Re:Does anyone else remember... (Score:4, Informative)
Um, except if you you have exactly 1 physics thread you have to juggle complex scheduling considerations about who needs how much CPU, handle the prioritization against the render and AI threads, handle intermixing them, etc. You have to implement a task scheduler. ... which is exactly what Quake 1 did. Carmack wrote a userspace thread library, and spawned multiple threads. Since DOS didn't have threads this worked rather well.
An OS thread will give any thread a base priority, and then raise that priority every time it passes it over in the queue when it wants CPU time. It lowers the priority to the base when it runs. If a task sleeps, it gets passed over and left at lowest priority; if it wakes up and wants CPU, it climbs the priority tree.

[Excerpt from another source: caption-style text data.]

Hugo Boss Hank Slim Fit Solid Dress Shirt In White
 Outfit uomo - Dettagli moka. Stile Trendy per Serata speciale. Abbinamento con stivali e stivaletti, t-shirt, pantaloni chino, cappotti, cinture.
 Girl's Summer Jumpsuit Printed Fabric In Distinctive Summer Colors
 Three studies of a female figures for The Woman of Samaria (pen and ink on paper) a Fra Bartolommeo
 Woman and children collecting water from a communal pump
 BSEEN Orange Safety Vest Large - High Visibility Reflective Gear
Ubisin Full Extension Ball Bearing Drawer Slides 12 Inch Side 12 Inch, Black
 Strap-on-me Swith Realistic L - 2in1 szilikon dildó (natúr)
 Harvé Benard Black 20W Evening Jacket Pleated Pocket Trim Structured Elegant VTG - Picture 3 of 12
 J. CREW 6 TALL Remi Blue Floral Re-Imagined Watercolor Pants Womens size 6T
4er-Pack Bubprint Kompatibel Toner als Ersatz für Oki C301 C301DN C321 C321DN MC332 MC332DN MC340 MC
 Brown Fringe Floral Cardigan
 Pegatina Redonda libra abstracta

In this way, tasks which need a lot of CPU wind up getting run regularly-- as often as possible, actually-- and when multiple ones want CPU they're split up evenly.
If you make the render thread one thread, you have to implement this logic yourself. Further, the OS will see your thread as exactly one thread, and act accordingly. If you have 10000 physics objects and 15 AIs, keeping both threads CPU-hungry, then the OS will give 1/3 CPU to the physics engine; 1/3 CPU to the AI; and 1/3 CPU to the render thread. This means your physics engine starves, and your physics start getting slow and choppy well before you reach the physical limits of the hardware. The game breaks down.
You obviously don't understand either game programming or operating systems.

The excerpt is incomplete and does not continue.